→ **EXERCISE AIM**: Reproduce the listing below exactly, minus its pictures.

→ **MATERIAL PROVIDED**:
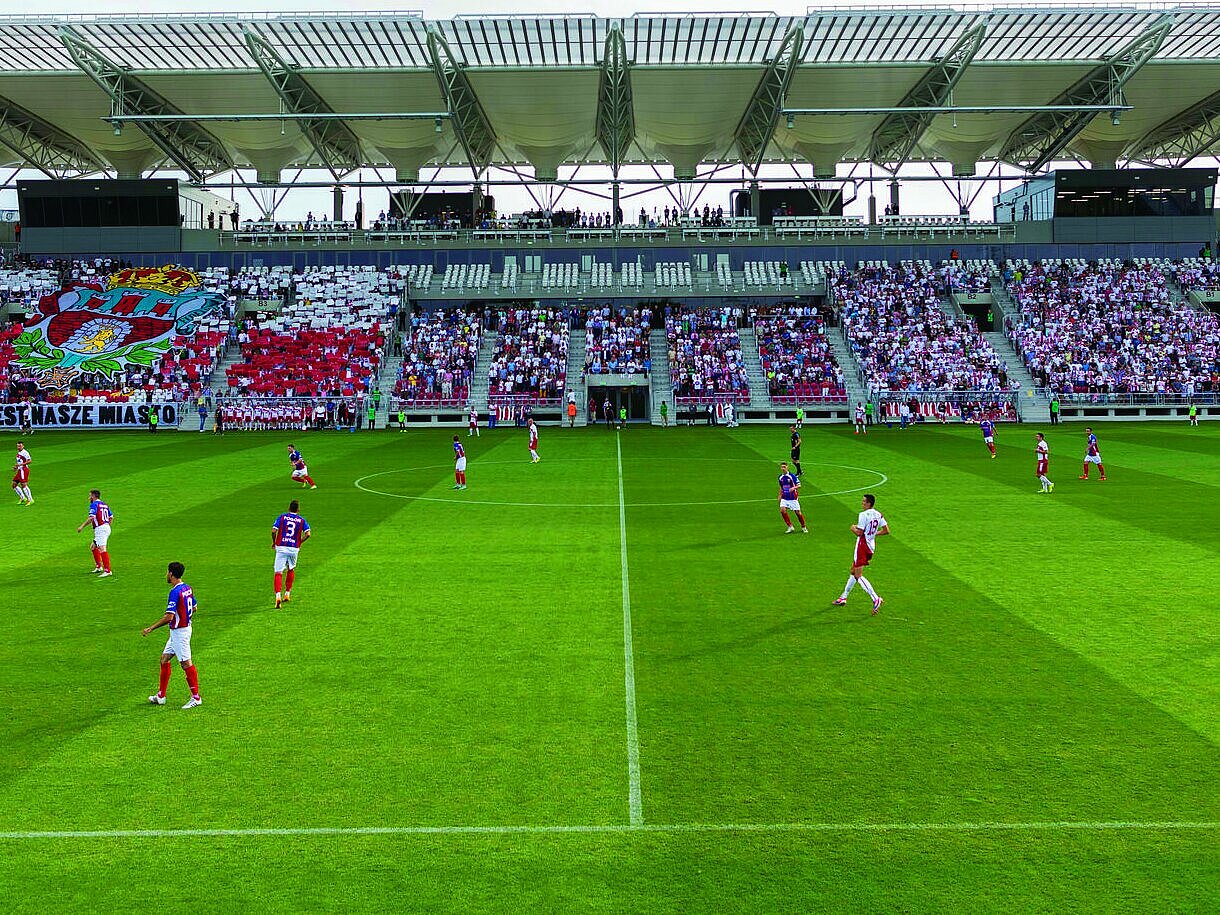 Городской стадион ŁKS , fot. UMŁ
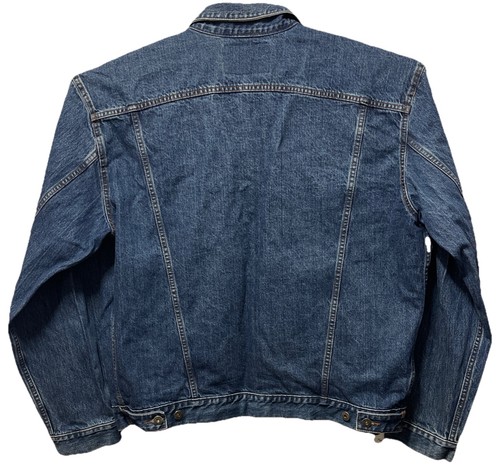 Guess Denim Workwear Trucker Jacket Men’s 3XL - Picture 3 of 9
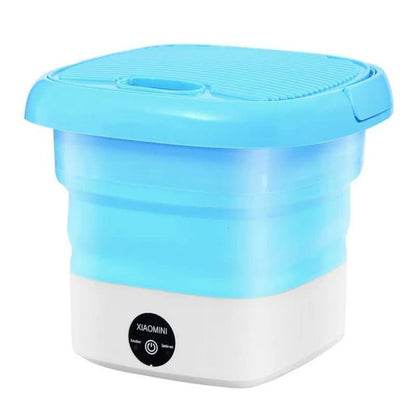 Powerful Mini Foldable Washing Machine with dryer, 20 liters Capacity.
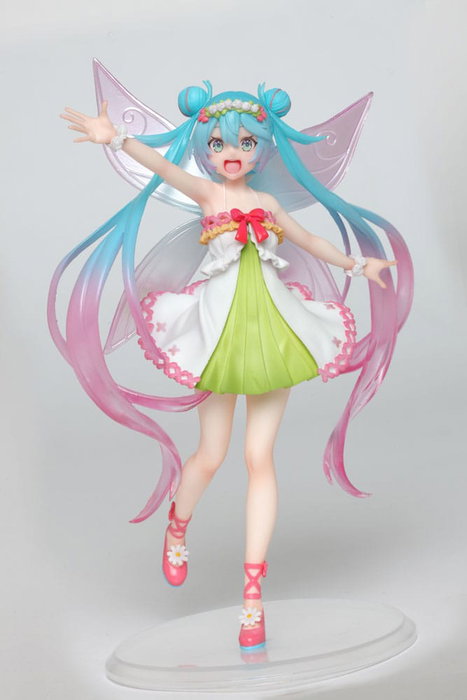 Taito Prize Hatsune Miku Estatua PVC 3rd season Spring Ver. Reissue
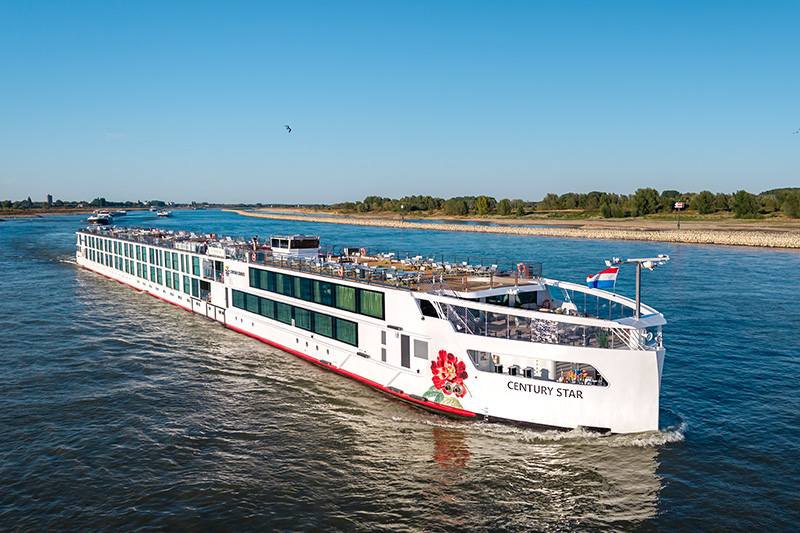 Century Cruises bereidt zich voor op een periode van groei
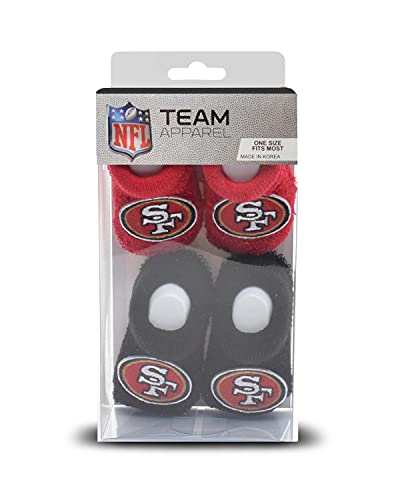 Image of FBF Originals - NFL Infant Bootie Socks 0-12 Months - 2 Pack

→ **TASK ANSWER**:
 Городской стадион ŁKS , fot. UMŁ
 Guess Denim Workwear Trucker Jacket Men’s 3XL - Picture 3 of 9
 Powerful Mini Foldable Washing Machine with dryer, 20 liters Capacity.
 Taito Prize Hatsune Miku Estatua PVC 3rd season Spring Ver. Reissue
 Century Cruises bereidt zich voor op een periode van groei
 Image of FBF Originals - NFL Infant Bootie Socks 0-12 Months - 2 Pack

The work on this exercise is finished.